Rouen : la “maritime vallée” à la conquête de l’axe Est/Ouest
Pour s’affranchir des fluctuations des échanges céréaliers, le port entend étoffer son panel de trafics «en s’appuyant sur les filières existantes et mettant le pied sur de nouveaux marchés».
CES CINQ DERNIÈRES années, le port autonome de Rouen s’est concentré sur la consolidation des ses fondations. Après avoir subi «deux chocs céréaliers», comme le rappelle Ghislain de Boissieu, président du conseil d’administration, le port est «sorti du tunnel». Il est parvenu à rétablir ses capacités d’autofinancement (12,4 ME soit 21,8% de son chiffre d’affaires) et à réduire son endettement. Le prochain quinquennat sera alors consacré au développement du trafic et à la diversification des activités du port qui s’est d’ailleurs doté d’une nouvelle signature évocatrice d’eldorado : «port de Rouen, la maritime vallée». Un slogan faisant référence à la vallée de la Seine qui permet de rejoindre, Paris, le cœur de son hinterland.
Avec 5 à 6 Mt par an en moyenne transitant par les silos rouennais, la filière céréalière constitue un «fond de cale» sur lequel le port pourra toujours compter. Mais, faut-il le rappeler, cette activité, dépendant des aléas climatiques, commerciaux, monétaires ou encore politiques, s’avère de plus en plus irrégulière et imprévisible. Elle est notamment à l’origine du repli de 7,6% du tonnage total du port entre 2003 (21,85 Mt) et 2004 (20,20 Mt). L’équipe dirigeante souhaite «se mettre à l’abri de ces fluctuations» du marché céréalier en développant les autres trafics qui représentent déjà 15 Mt par an. Les filières existantes vont être renforcées et l’horizon élargi. En effet, le port, présent depuis des décennies sur les marchés traditionnels Nord/Sud – un quart des échanges sont notamment réalisés avec l’Afrique –, entend désormais prendre part aux échanges Est/Ouest qui connaissent «une croissance exponentielle». Nous devons «participer à la conquête de ce trafic», lance Ghislain de Boissieu, avec, entre autres, la Chine en ligne de mire. Après une phase d’analyse de son positionnement concurrentiel, la place portuaire devrait présenter dès septembre ses axes de diversification et de développement pour la période 2005-2010. Un plan stratégique baptisé «Cap développement» auquel «port autonome, entreprises privées et collectivités locales, sont étroitement associées», insiste Martine Bonny, directrice générale du port autonome depuis le 1er mai 2004.
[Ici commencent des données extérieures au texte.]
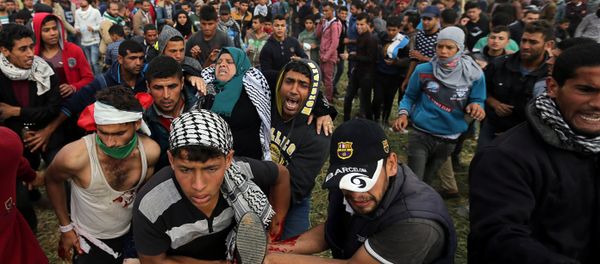 A wounded Palestinian woman is evacuated during clashes with Israeli troops, during a tent city protest along the Israel border with Gaza, demanding the right to return to their homeland, the southern Gaza Strip A wounded Palestinian woman is evacuated during clashes with Israeli troops, during a tent city protest along the Israel border with Gaza, demanding the right to return to their homeland, the southern Gaza Strip - Sputnik International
La diversification en marche
Le trafic maritime hors céréales atteint 14,9 Mt contre 15,3 Mt en 2003. Il accuse donc un recul de 2,3% après plusieurs années de hausses. Un résultat imputable au retrait des vracs hors céréales (-610.000 t), s’expliquant notamment par la baisse des importations de pétrole brut mais surtout par la fermeture, fin 2003, de l’usine de Grande Paroisse. Productrice d’acide phosphorique, elle générait, par ses approvisionnements, un trafic de quelque 320.000 t. Les exportations de pois jaunes et féveroles, avec 0,25 Mt contre 0,35 Mt en 2003, chutent, elles, de 29,4% alors que les expéditions de malt (191.000 t) et sucre (114.000 t) en vrac restent relativement stables.
Les pertes de volumes en vracs solides masquent la progression de 251.000 t des marchandises diverses. Tendance remarquable sur ce segment : le développement des conteneurs maritimes qui gagnent 11,2% (1,17 Mt contre 1,05 Mt), comme le fait remarquer le directeur commercial, Martin Butruille. Un mode de transport désormais également retenu pour les produits alimentaires. «Plusieurs milliers de tonnes» de malt, sucres, orge de brasserie et même blé ont été acheminées par ce biais en particulier vers l’Extrême-Orient et le Maghreb. Et «ce trafic devrait continuer à se développer dans les mois à venir».
Les marchandises non conteneurisées progressent quant à elles de 7,3% par rapport à 2003, «les trafics de produits forestiers et les nouveaux échanges apportés par la ligne transmanche, ouverte en janvier 2004, ayant largement compensé quelques trafics en diminution comme les farines et les sucres (en baisse de 62,7% pour les sacs)». La compétitivité des farines françaises a souffert du prix élevé du blé, lié à la sécheresse, et de la fermeté de l’euro.
La dimension européenne du port se renforce avec 13,4 Mt échangés avec l’ensemble du continent (+4,4% sur un an). Les Pays-Bas (3,2 Mt) constituent ses premiers partenaires.